Now doing the figure 8 to these lines, at a nice and slow lope and doing lead changes....

Oh, and I don't want to die for you,
But if dying's asked of me,
I'll bear that cross with an honor,
'Cause freedom don't come free.

And now speed up into...

I'm an American soldier, an American,
Beside my brothers and my sisters I will proudly take a stand,
When liberty's in jeopardy I will always do what's right,
I'm out here on the front lines, so sleep in peace tonight. (sliding stop)

And not sure what to do with these lines and the beginning...

American soldier, I'm an American,
An American,
An American Soldier


----------



## Nita (May 24, 2007)

Thanks guys! Mostly what I was looking for was I have some extra time in the pattern so I was thinking about adding some two tracking or something but I'm not sure how well it goes to the song. 

mli, you pretty much just laid out the pattern that i've been planning to do. other than the fact that my mare does better with her stops if we do them after the circles, and she has beautiful flying lead changes, so i'm adding in more lead changes so that my slow and fast circles will be in time with that part, and then doing stops to the american soldier part. which isn't ideal, but that's when her best stops happen. just because she's young now so i'm just making the best of what she has for now. =)

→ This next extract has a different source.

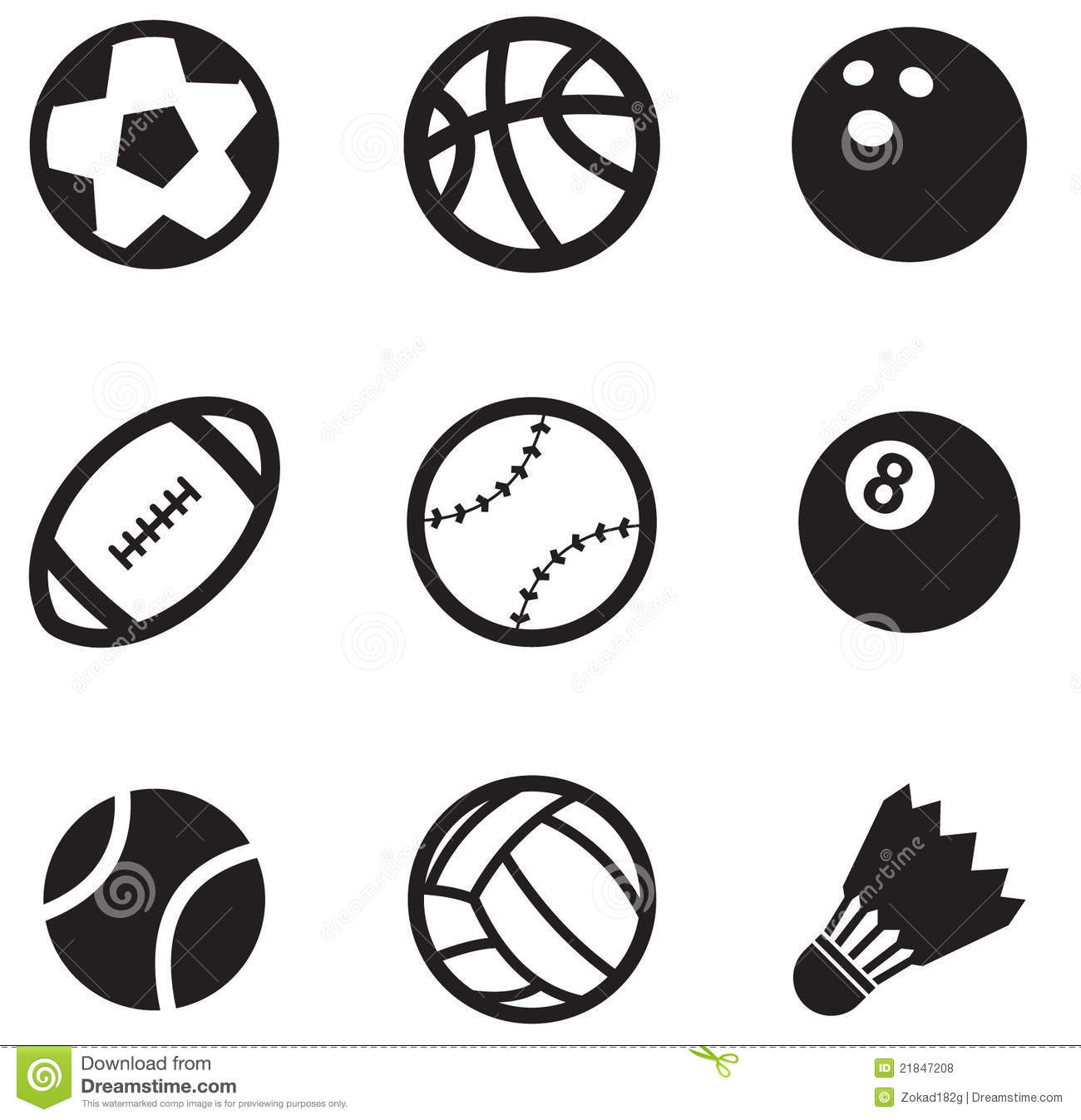 Black Sports Balls Icons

nrha, I have all the required maneuvers in there, I'm just wondering if I should just end the song early, or add some other things in there. I'm thinking just ending it just because I'm running out of time to think of things to do. Love the video!


----------



## nrhareiner (Jan 11, 2009)

Does not mean you can not add in more and end with your horses strongest maneuvers.


----------



## Nita (May 24, 2007)

Well she ended up getting kind of nervous just because she's young I think, but we got third! Whoo! I figured she'd wanna go faster in the ring than in practice so I added a few extra circles because her lead changes are really strong. Spins were awesome too! I just ended up adding a lot more lead changes and spins because that's where she really shines. Unfortunately, my mom's video camera ran out of memory so I don't have a video. My friend's mom does tho, I'm gonna try to get it from her. Thanks for the help though!


----------



## nrhareiner (Jan 11, 2009)

Congrats yes must see video.


----------